11 responses to “Predictions for 2014”

  1. Rosemary Hannah Avatar
    Rosemary Hannah

    I am struggling with nine – I mean, Lord Carey, being unhelpful, oh no, beyond imagination …. 😉

  2. Kate Avatar
    Kate

    In what way is 9. a ‘prediction’. Next it’ll be ‘mystic sage thurible predicts continued arising of the sun’. Also tricky to imagine that there’s much more dirty washing in O’Brien’s washing basket unless he also has a wife and three children. 6, interesting. 7, I am merely a passing English person who has to read Scottish government press releases for work, but on this basis I can’t for the life of me think why you wouldn’t want to separate yourselves from England – just about everything is better – whether it’s some interest and care for soil fertility and the land, an enlightened approach to the arts or a First Minister actually prepared to turn up at a Food Bank. If it wasn’t a bit chilly up there, Id be taking Gaelic lessons now.

  3. Kelvin Avatar

    9 – might just have had a touch of sarcasm about it.
    4 – there *is* more dirty linen to be washed
    6 – surprised other people haven’t seen how clever Pilling was
    7 – I don’t think so. We neither speak Gaelic here nor want separation. It might be suggested that reading SNP press releases might not actually be the most balanced way to grasp what is happening in Scotland. #bettertogether

    1. Kate Avatar
      Kate

      4 – crumbs, and probably ‘oh dear’
      6 – When the Faith and Order commission’s last gutless report on marriage came out, we still weren’t short of people (Giles Fraser among others) who thought there was all a secret coded message in their somewhere that was altogether more positive. Pilling seems to me like another not-very-brave dog’s breakfast where you can see pretty much anything you like, if you squint. That doesn’t mean to say that nothing positive will come of it, in the sense that whatever he’d written, the C of E is going to be overtaken by events – and the sheer statistics of the whole of their youth turning against them. And the Evangelicals are quietly fracturing down exactly the same generational fault line too. But I’m not seeing the artful contrivance in Pilling that you clearly are….
      7. Here, my tongue was a bit in my cheek too. But I do read UK government press releases too, and honestly, if I was immigrating, I’d totally head for Scotland.

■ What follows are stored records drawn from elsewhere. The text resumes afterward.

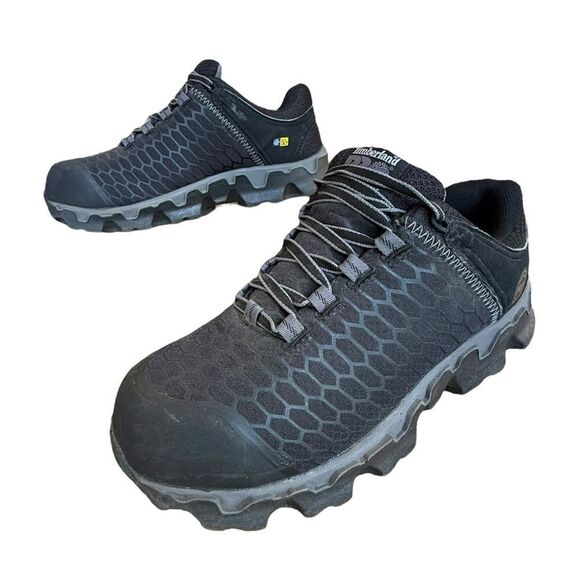 Timberland PRo Women's Powertrain Sport Alloy Toe Work Sneakers Shoes Size 8.5 - Picture 2 of 15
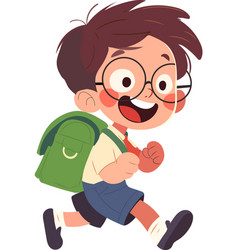 Boy Going To School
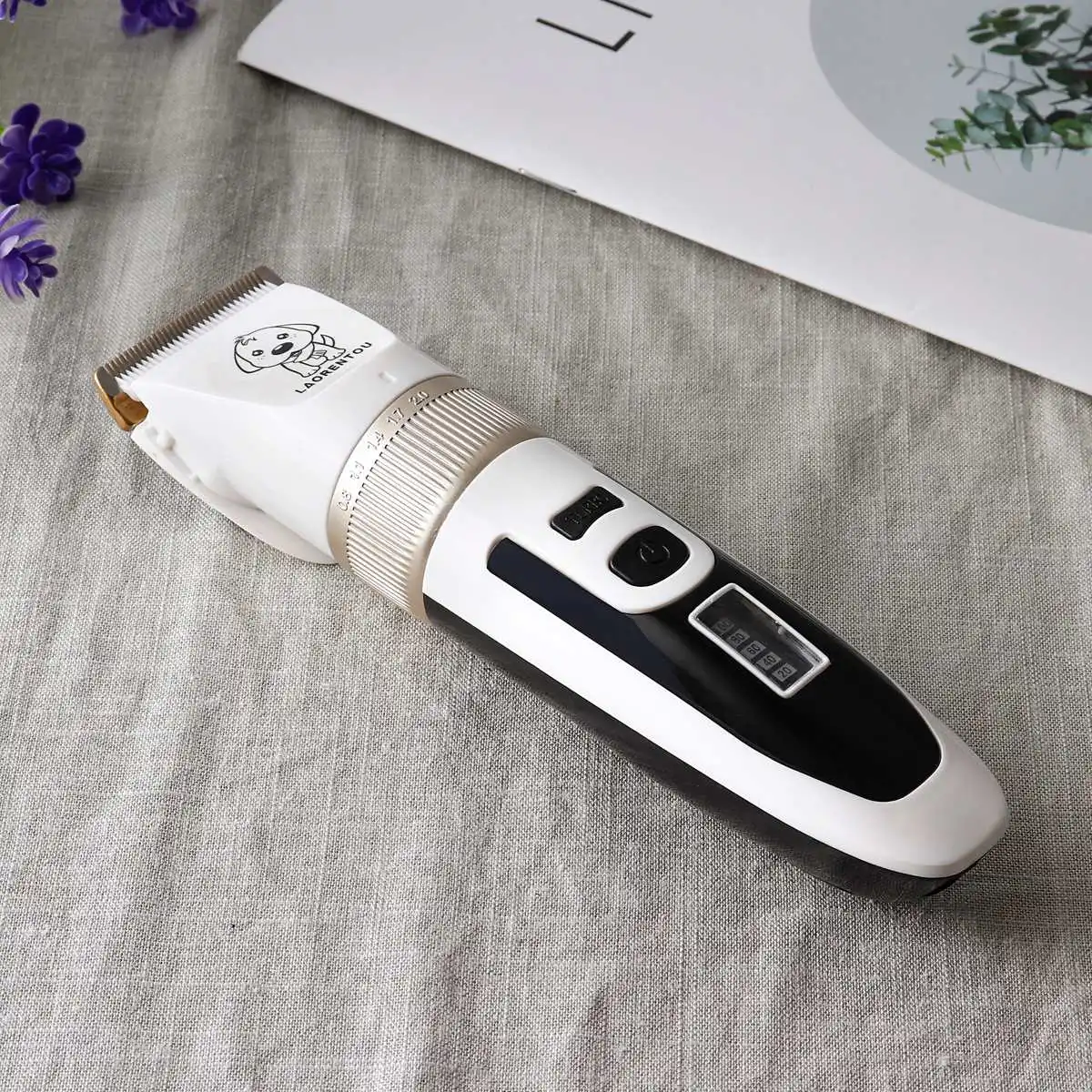 USB Перезаряжаемый триммер для груминга собак Машинка Для Стрижки Набор беспроводной питомец USB Бритва для волос с 4 гребни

      1. Kelvin Holdsworth Avatar

        7 – I think that Scotland is the best part of the UK to be in.

      2. Beth Routledge Avatar

        7. I too think that Scotland is the best part of the UK to be in, and I am pleased that various things are devolved. No need to throw the baby out with the bathwater.

  4. robert Avatar
    robert

    It seems (to me!) that Carey is now filling the same place that David Jenkins took when Carey was ABC and is sought out by journalists at Christmas/Easter wanting something to write about.

    1. Kelvin Avatar

      Well, if they just ring me, I’ll be happen to take the burden out of his hands…

  5. Zebadee Avatar
    Zebadee

    [7] Yes Yes Yes– in my all too humble opinion Scotland is the best part of the UK live in. This opinion has not changed over many many years.

  6. Chris Avatar

    7. I want to throw the baby out, but having once sung in a Gaelic choir (phonetic renderings of words) have no desire – nay, no need, even in Argyll – to learn Gaelic. Just saying.

  7. Craig Nelson Avatar
    Craig Nelson

    I agree Pilling is not meant for us but it is a mechanism that allows for the smallest change possible. If that change doesn’t happen, none will, if it does then eventually the change will perforce continue. It’s a kind of fulcrum around which change will/can happen.